● **Task prompt**: With pictures omitted, output the records below exactly as they appear.

Provided records section start

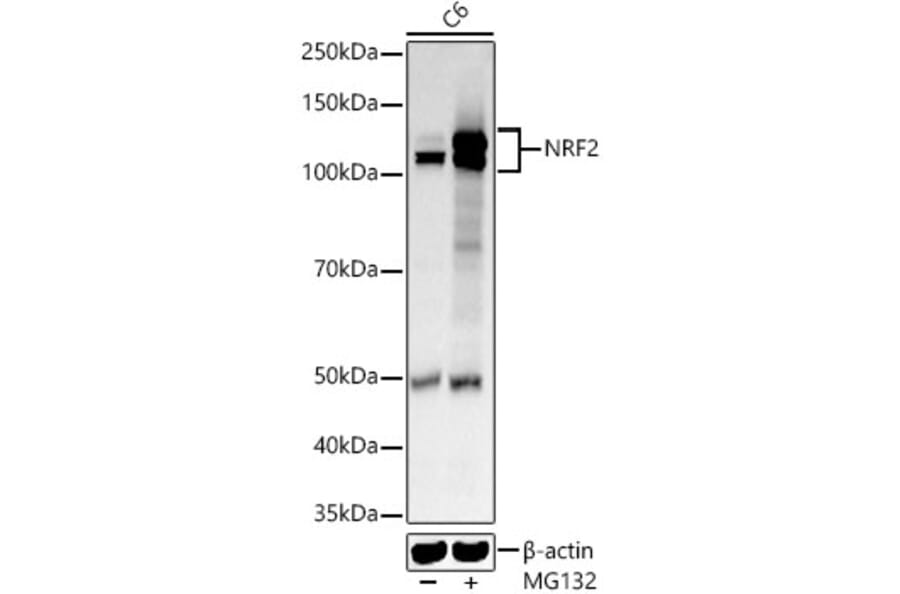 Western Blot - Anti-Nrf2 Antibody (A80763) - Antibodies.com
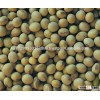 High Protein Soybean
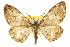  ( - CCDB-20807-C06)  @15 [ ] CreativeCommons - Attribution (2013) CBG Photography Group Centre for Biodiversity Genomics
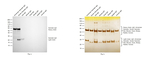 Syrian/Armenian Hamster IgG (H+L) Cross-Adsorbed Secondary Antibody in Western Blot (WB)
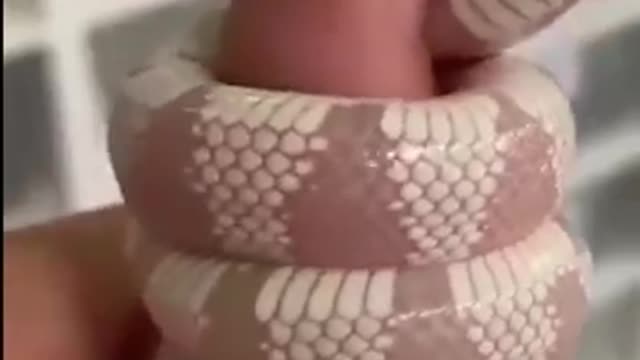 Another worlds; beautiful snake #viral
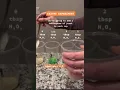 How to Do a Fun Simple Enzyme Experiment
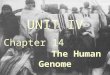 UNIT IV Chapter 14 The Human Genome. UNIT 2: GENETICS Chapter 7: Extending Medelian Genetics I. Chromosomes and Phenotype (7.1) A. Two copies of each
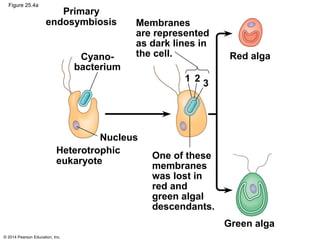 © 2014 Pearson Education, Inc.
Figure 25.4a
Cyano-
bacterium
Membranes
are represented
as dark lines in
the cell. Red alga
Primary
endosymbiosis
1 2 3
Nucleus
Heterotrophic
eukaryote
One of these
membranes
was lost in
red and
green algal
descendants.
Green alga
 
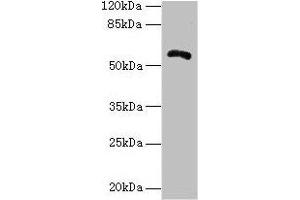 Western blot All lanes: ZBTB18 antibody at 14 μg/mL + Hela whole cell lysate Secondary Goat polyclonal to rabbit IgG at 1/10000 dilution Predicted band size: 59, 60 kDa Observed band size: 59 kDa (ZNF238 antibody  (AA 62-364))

Provided records section end

● **Solved exercise**:
 Western Blot - Anti-Nrf2 Antibody (A80763) - Antibodies.com
 High Protein Soybean
  ( - CCDB-20807-C06)  @15 [ ] CreativeCommons - Attribution (2013) CBG Photography Group Centre for Biodiversity Genomics
 Syrian/Armenian Hamster IgG (H+L) Cross-Adsorbed Secondary Antibody in Western Blot (WB)
 Another worlds; beautiful snake #viral
 How to Do a Fun Simple Enzyme Experiment
 UNIT IV Chapter 14 The Human Genome. UNIT 2: GENETICS Chapter 7: Extending Medelian Genetics I. Chromosomes and Phenotype (7.1) A. Two copies of each
 © 2014 Pearson Education, Inc.
Figure 25.4a
Cyano-
bacterium
Membranes
are represented
as dark lines in
the cell. Red alga
Primary
endosymbiosis
1 2 3
Nucleus
Heterotrophic
eukaryote
One of these
membranes
was lost in
red and
green algal
descendants.
Green alga
 
 Western blot All lanes: ZBTB18 antibody at 14 μg/mL + Hela whole cell lysate Secondary Goat polyclonal to rabbit IgG at 1/10000 dilution Predicted band size: 59, 60 kDa Observed band size: 59 kDa (ZNF238 antibody  (AA 62-364))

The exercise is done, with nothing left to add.